The size and scope of the federal government and the money being paid to its workers is emerging as an issue on the presidential campaign trail.
Republican candidates generally agree that the federal workforce is overpaid when compared to private sector employees. Much of those criticisms originate with GOP lawmakers who raised the issue during the 2010 midterm elections.
Last week we highlighted Mitt Romney’s ideas on fiscal policy, a series of proposals focused primarily on entitlement reform and balancing the federal budget. But he earned cheers at Friday’s Americans for Prosperity conference when he singled out the federal workforce as a target of his proposed spending cuts.
“Since President Obama took office, the number of federal workers that make over $150,000 a year has more than doubled,” Romney said. “I insist that we limit the salaries and benefits of public workers to those which exist in the private sector. Public servants shouldn’t get a better deal than the taxpayers they work for. And by linking government pay with private-sector pay, we will save as much as $47 billion a year.”
So from where are Romney and other GOP candidates drawing their ideas on this issue? Much of it stems from a 2010 Heritage Foundation study by James Sherk, a fiscal policy analyst who argues that the total compensation of federal employees — salary, plus health and retirement benefits — is between 30 and 40 percent higher than identical positions in the private sector.
What’s key in Sherk’s nuanced analysis is that he confronts several factors often cited by federal labor unions and supportive Democratic lawmakers when defending the pay and benefits of federal workers. For instance, the report notes that the federal workforce is older, thus more experienced, and, on average, better educated than the broader private sector.
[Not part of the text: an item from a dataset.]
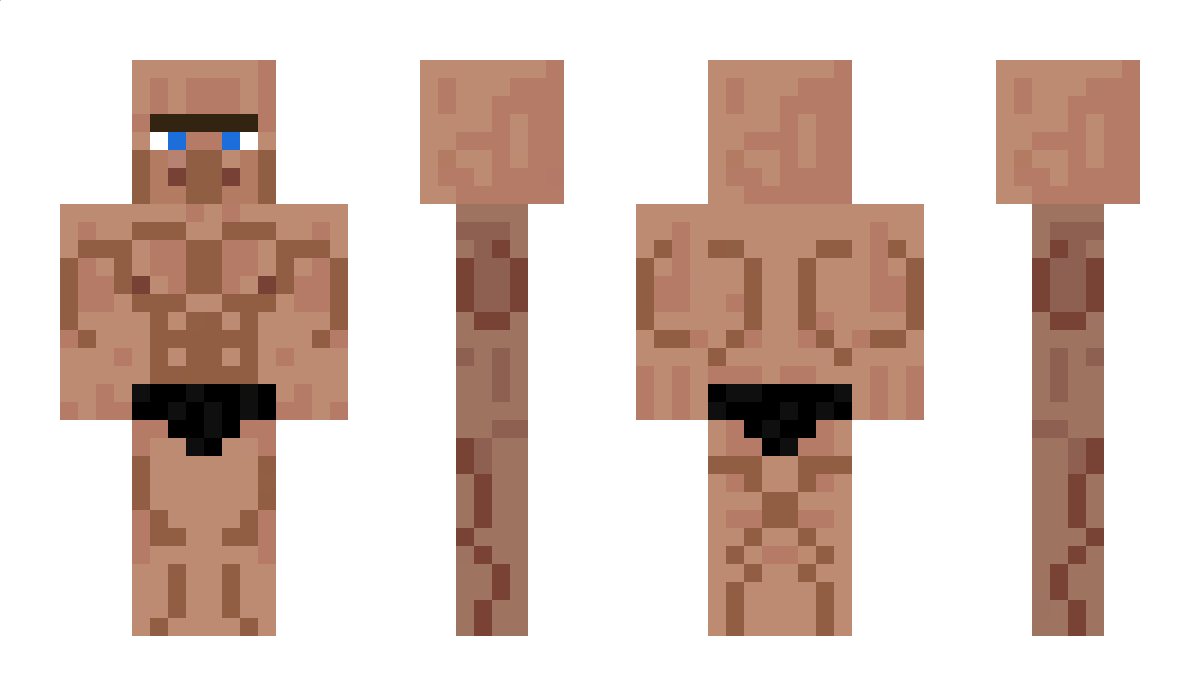 Kottebollerizz Minecraft Skin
In many cases, the higher level of education is necessary in order to hold certain government positions, including scientists, doctors, lawyers and astronauts, to name a few, he says.
But a higher-experienced federal workforce shouldn’t justify the beter pay, Sherk writes. Much of that higher pay comes from the government’s generous benefits systems — which includes paid vacations and leave, a good health-care and retirement package, and, at some agencies, reimbursement for student loans.
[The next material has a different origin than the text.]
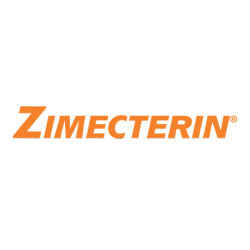 Zimectrin brand logo.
Instead of enacting across-the-board pay cuts to pare down federal spending, Sherk proposes reestablishing a pay-for-performance system across the government.
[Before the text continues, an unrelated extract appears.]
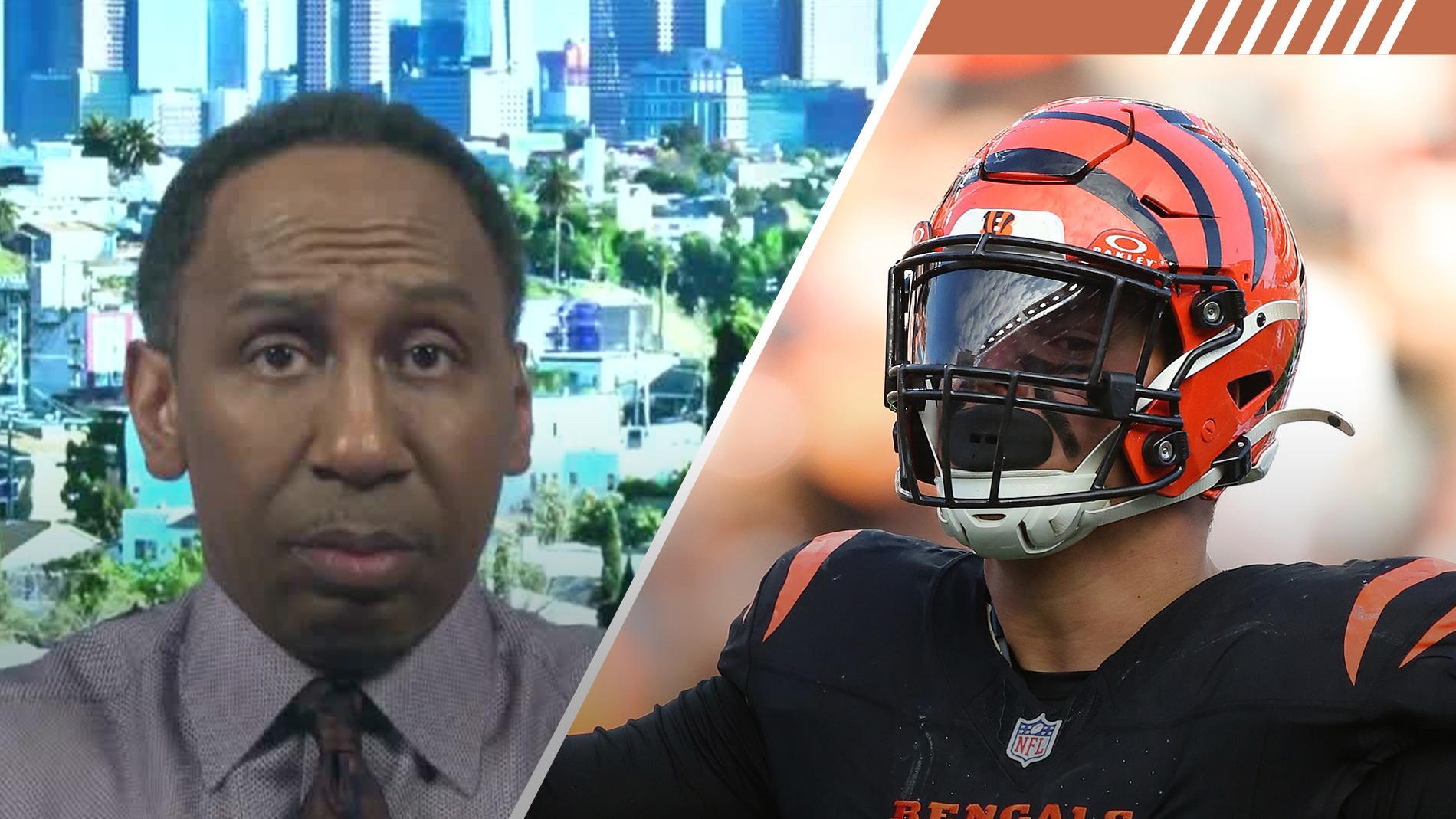 Stephen A. calls out Bengals for Trey Hendrickson negotiations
Across the board pay cuts “would unfairly penalize the federal workers who earn market wages,” Sherk writes. But a new performance-based system and market-based pay scales based on labor demand, coupled with cuts to federal benefits “would not solve the country’s fiscal problems, but would be a solid — and fair — step toward a more responsible fiscal policy. The federal government should not overtax the general public to provide significantly above-average pay and benefits to those who work in the civil service.”
Romney used a similar line in his speech Friday: “The American people are increasingly working to support the government. It ought to be the other way around.”
Read Sherk’s report for yourself, and, as always, we eagerly welcome your thoughtful comments in the space below.
But keep in mind a few factors as Republicans continue discussing this issue on the campaign trail and on Capitol Hill.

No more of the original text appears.